Task instructions - Where a picture shows up in the listing below, omit it and output the rest exactly.

Provided data -
-- Opening Marker --
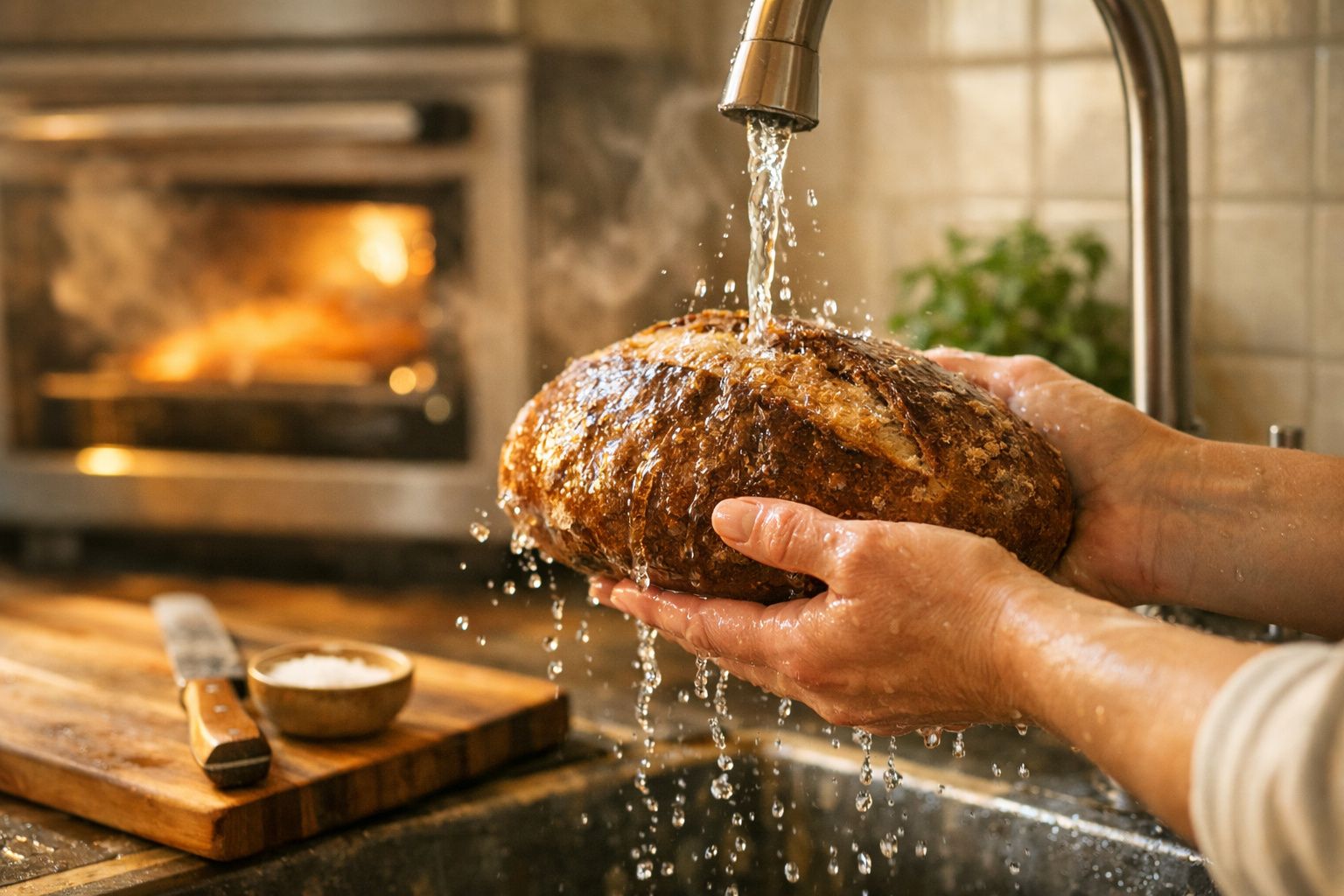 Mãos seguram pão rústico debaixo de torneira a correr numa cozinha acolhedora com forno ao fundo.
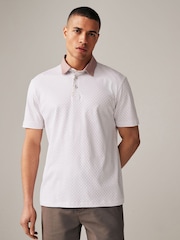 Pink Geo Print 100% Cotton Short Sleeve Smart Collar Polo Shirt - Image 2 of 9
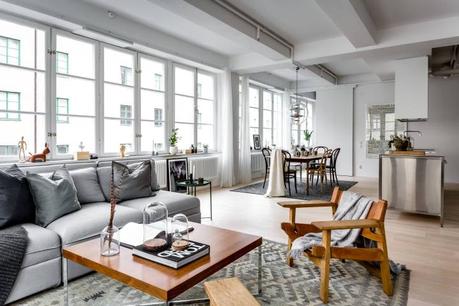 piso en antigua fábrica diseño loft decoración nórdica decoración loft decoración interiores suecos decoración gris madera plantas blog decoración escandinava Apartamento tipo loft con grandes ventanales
-- Closing Marker --
Exercise answer -
 Mãos seguram pão rústico debaixo de torneira a correr numa cozinha acolhedora com forno ao fundo.
 Pink Geo Print 100% Cotton Short Sleeve Smart Collar Polo Shirt - Image 2 of 9
 piso en antigua fábrica diseño loft decoración nórdica decoración loft decoración interiores suecos decoración gris madera plantas blog decoración escandinava Apartamento tipo loft con grandes ventanales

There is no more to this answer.